Les sites de comparaison de prix et de prestations s’inscrivent dans une démarche semblable de participation : TripAdvisor, Hotel.com, etc. Des marques très anciennes, comme Monopoly (1920) ont créé le buzz en proposant aux internautes de choisir les nouvelles villes qui serviraient de cadre au jeu (même si le choix de Montcuq, en France, a été censuré). De son côté, Google fait appel sans le leur dire aux utilisateurs ; son algorithme de recherche est largement fondé sur leur fréquentation des sites (qu’ils retrouvent ensuite en tête de liste, ce qui accroît leur fréquentation).

L’approche communautaire…

La participation du client à l’évolution de la marque a permis de rééquilibrer la relation verticale qui existait traditionnellement entre les deux, qui s’exerçait essentiellement de haut en bas. Avec le développement d’Internet, le participatif s’est allié au communautaire. Les clients ont non seulement le sentiment d’être des interlocuteurs des marques (relation verticale), mais aussi des membres d’un groupe ou d’une communauté qui leur ressemble (relation horizontale).

Ainsi, le succès planétaire de l’iPhone d’Apple ne s’explique pas seulement par la participation de particuliers doués qui développent des applications, lesquelles constituent la motivation principale de l’achat et de l’usage des smartphones. En ayant ses propres codes (y compris les codes sources), en instaurant un écosystème fermé et “propriétaire”, la marque a réussi à créer autour d’elle une communauté de fans, qui sont autant d’ambassadeurs.

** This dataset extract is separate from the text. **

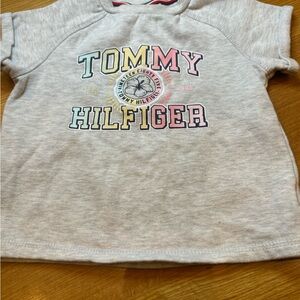 Tommy Hilfiger Kids Light Gray Logo Tee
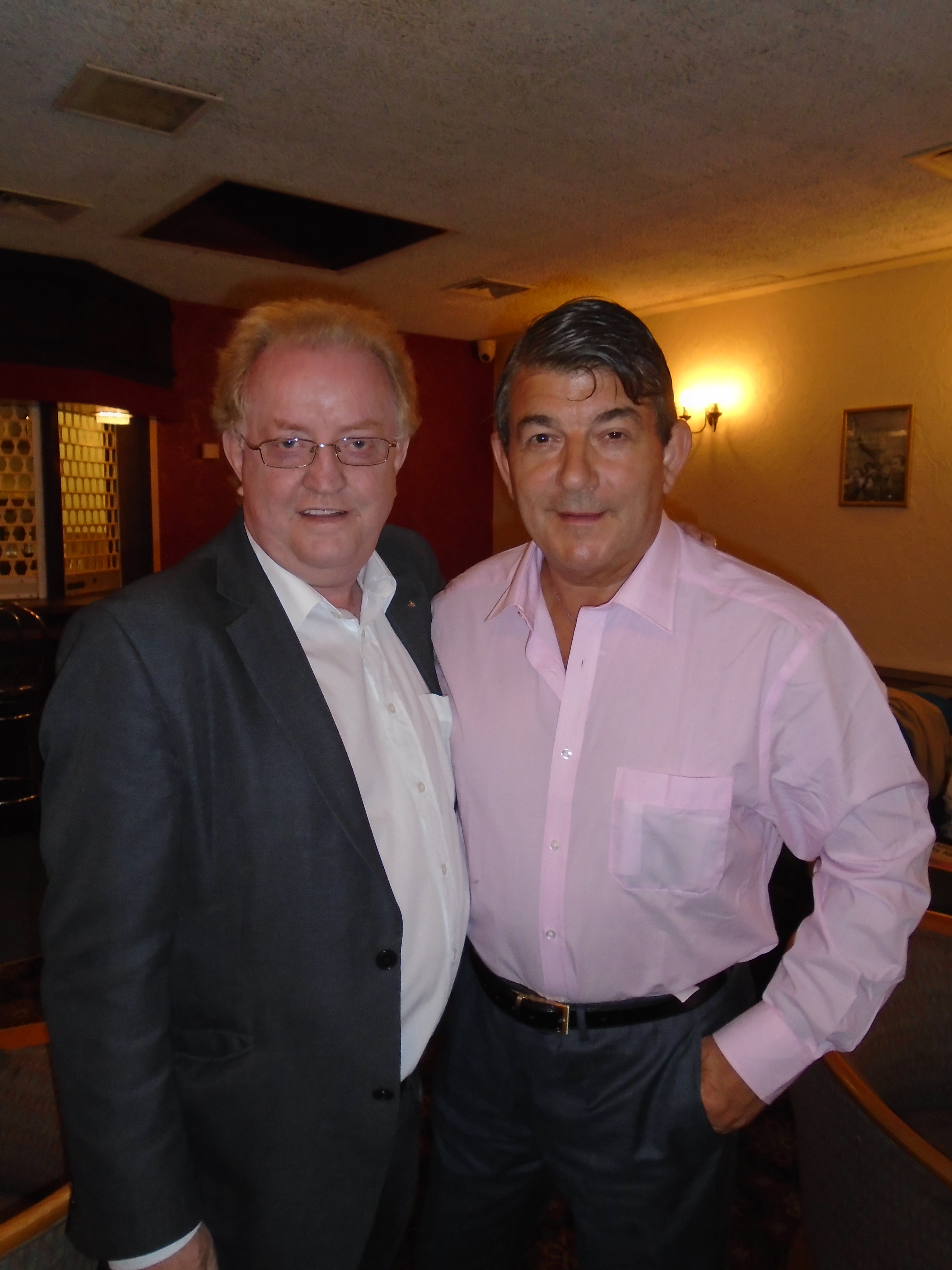 Martin Pennell with actor John Altman on the project Perfect Break,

Free est allé plus loin dans la logique communautaire, en permettant par exemple aux Freenautes d’accéder au Freewifi partout où des Freebox sont ouvertes aux autres membres, à condition qu’ils soient eux-mêmes participants. Orange joue aussi depuis quelques mois sur ce registre avec son service Sosh (socialize) destiné aux jeunes.

La politique s’est mise aussi au collaboratif : l’exemple le plus flagrant est celui de la “marque” Obama, largement promue par les réseaux mis en place lors de la présidentielle de 2008 par les spin doctors du futur président. Un an auparavant, la marque Ségolène Royal avait accru sa notoriété en lançant la “démocratie participative” (pléonasme révélateur des difficultés des pays démocratiques à retrouver le lien avec le peuple). Dans un autre genre, la SNCF a développé le concept de l’idTGV, qui favorise l’interaction entre des voyageurs qui étaient auparavant indifférents les uns aux autres. Laquelle profite évidemment à la marque qui permet cette relation horizontale.

On observera là encore que les mutuelles et les coopératives ont été des précurseurs. Fondées sur la participation des adhérents ou sociétaires, elles reposaient aussi sur l’appartenance à une communauté, qui était souvent une profession (céréalier, producteur de lait, viticulteur…) ou une corporation. Leur fonctionnement, qui semblait dépassé il y a quelques années, est donc en réalité très moderne ; il constitue une source d’inspiration dans la réflexion actuelle sur les marques.

Une nouvelle page à écrire

On peut observer a contrario que le déficit de participation et de coopération du consommateur à la vie des marques est de plus en plus sanctionné. Gap a dû revoir son logo après l’avoir modifié, sous la pression de ses clients. Déjà, dans les années 1980, Coca-Cola avait dû abandonner le New Coke ; l’entreprise a fait face également à de violentes critiques lors du lancement d’une eau minérale en Angleterre.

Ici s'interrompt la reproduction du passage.